Re: [PATCH RFC v4 1/1] random: WARN on large getrandom() waits and introduce getrandom2()

From: Linus Torvalds
Date: Thu Sep 19 2019 - 11:21:20 EST


On Thu, Sep 19, 2019 at 7:34 AM Theodore Y. Ts'o <tytso@xxxxxxx> wrote:
>
> > It's basically a "we used up entropy" thing, which is very
> > questionable to begin with as the whole discussion has shown, but
> > since it stops doing it after 10 cases, it's not even good security
> > assuming the "use up entropy" case makes sense in the first place.
>
> It was a bug that it stopped doing it after 10 tries, and there's a
> really good reason for it.

I really doubt that.

> The reason for zeroing it after we expose state is because otherwise
> if the pool starts in a known state (the attacker knows the starting
> configuration, knows the DMI table that we're mixing into the pool
> since that's a constant, etc.),

That's at least partly because our pool hashing has what looks a
fairly sad property.

Yes, it hashes it using a good hash, but it does so in a way that
makes it largely possible to follow the hashing and repeat it and
analyze it.

That breaks if we have hw randomness, because it does the

if (arch_get_random_long(&v))
crng->state[14] ^= v;

so it always mixes in hardware randomness as part of the extraction,
but we don't mix anything else unpredictable - or even
process-specific - state in. So without hw randomness, you can try to
get a lot of data over a lot of boots - and for long times during
boots - and maybe find the pattern.

But honestly, this isn't realistic. I can point to emails where *you*
are arguing against other hashing algorithms because the whole state
extension attack simply isn't realistic.

And I think it's also pretty questionable how we don't try to mix in
anything timing/process-specific when extracting, which is what makes
that "do lots of boots" possible.

The silly "reset crng_init_cnt" does absolutely nothing to help that,
but in fact what it does is to basically give the attacker a way to
get an infinite stream of data without any reseeding (because that
only happens after crng_read()), and able to extend that "block at
boot" time indefinitely while doing so.

Also honestly, if the attacker already has access to the system at
boot, you have some fairly big problems to begin with.

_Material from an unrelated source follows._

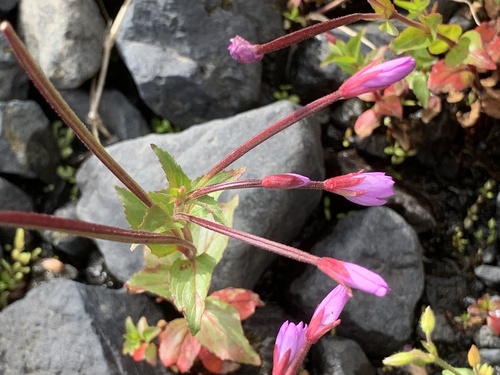 vŕbovka (Epilobium)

So a much bigger issue than the state extension attack (pretty much
purely theoretical, given any entropy at all, which we _will_ have
even without the crng_init_cnt clearing) is the fact that right now we
really are predictable if there are no hardware interrupts, and people
have used /dev/urandom because other sources weren't useful.

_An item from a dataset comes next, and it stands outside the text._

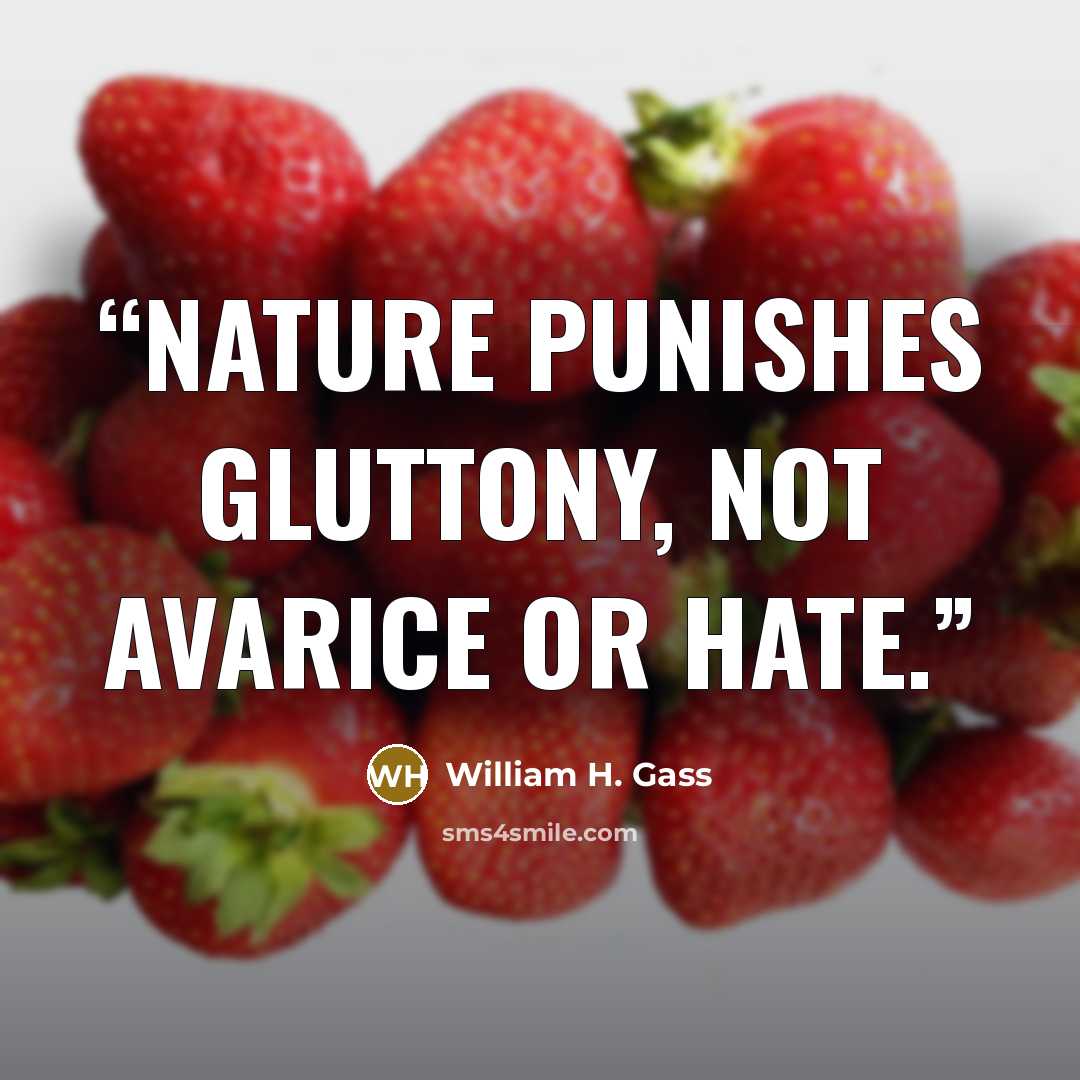 “Nature punishes gluttony, not avarice or hate.” quote by William H. Gass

And the fact is, we *know* people use /dev/urandom exactly because
other sources haven't been useful.

And unlike your theoretical state extension attack, I can point you to
black hat presentations that literally talk about using the fact that
we delay m,ixing in the input pull hash to know what's going on:

https://www.blackhat.com/docs/eu-14/materials/eu-14-Kedmi-Attacking-The-Linux-PRNG-On-Android-Weaknesses-In-Seeding-Of-Entropic-Pools-And-Low-Boot-Time-Entropy.pdf

That's a real attack. Based on the REAL fact that we currently have to
use the urandom logic because the entropy-waiting one is useless, and
in fact depends on the re-seeding happening too late.

Yes, yes, our urandom has changed since that attack, and we use chacha
instead of sha1 these days. We have other changes too. But I don't see
anything fundamentally different.

And all your arguments seem to make that _real_ security issue just
worse, exactly because we also avoid reseeding while crng_init is
zero.

> I'm happy this proposed is not changing the behavior of getrandom(0).
> Why not just remap 0 to GRND_EXPLICIT | GRND_WAIT_ENTROPY, though? It
> will have the same effect, and it's make it clear what we're doing.

Have you you not followed the whole discussion? Didn't you read the comment?

People use "getrandom(0)" not because they want secure randomness, but
because that's the default.

And we *will* do something about it. This patch didn't, because I want
to be able to backport it to stable, so that everybody is happier with
saying "ok, I'll use the new getrandom(GRND_INSECURE)".

Because getrandom(0) will NOT be the the same as GRND_EXPLICIT |
GRND_WAIT_ENTROPY.

getrandom(0) is the "I don't know what I am doing" thing. It could be
somebody that wants real secure random numbers. Or it could *not* be
one of those, and need the timeout.

> Later on, when we rip out /dev/random pool code (and make reading from
> /dev/random the equivalent of getrandom(GRND_SECURE)), we'll need to
> similarly map the legacy combination of flags for GRND_RANDOM and
> GRND_RANDOM | GRND_NONBLOCK.

And that is completely immaterial, because the "I'm confused" case
isn't about GRND_RANDOM. Nobody uses that anyway, and more importantly
it's not the case that has caused bugs. That one blocks even during
normal execution, so that one - despite being completely useless -
actually has the one good thing going for it that it's testable.
People will see the "oh, that took a long time" during testing. And
then they'll stop using it.

Ted - you really don't seem to be making any distinction between
"these are real problems that should be fixed" vs "this is theory that
isn't relevant".

The "getrandom(0)" is a real problem that needs to be fixed.

The warnings from /dev/urandom are real problems that people
apparently have worked around by (incorrectly) using getrandom(0).

The "hashing the random pool still leaves identities in place" is a
real problem that had a real attack.

The state extension attack? Complete theory (again, I can point to you
saying the same thing in other threads), and the "fix" of resetting
the counter and not reseeding seems to be anything but.

Linus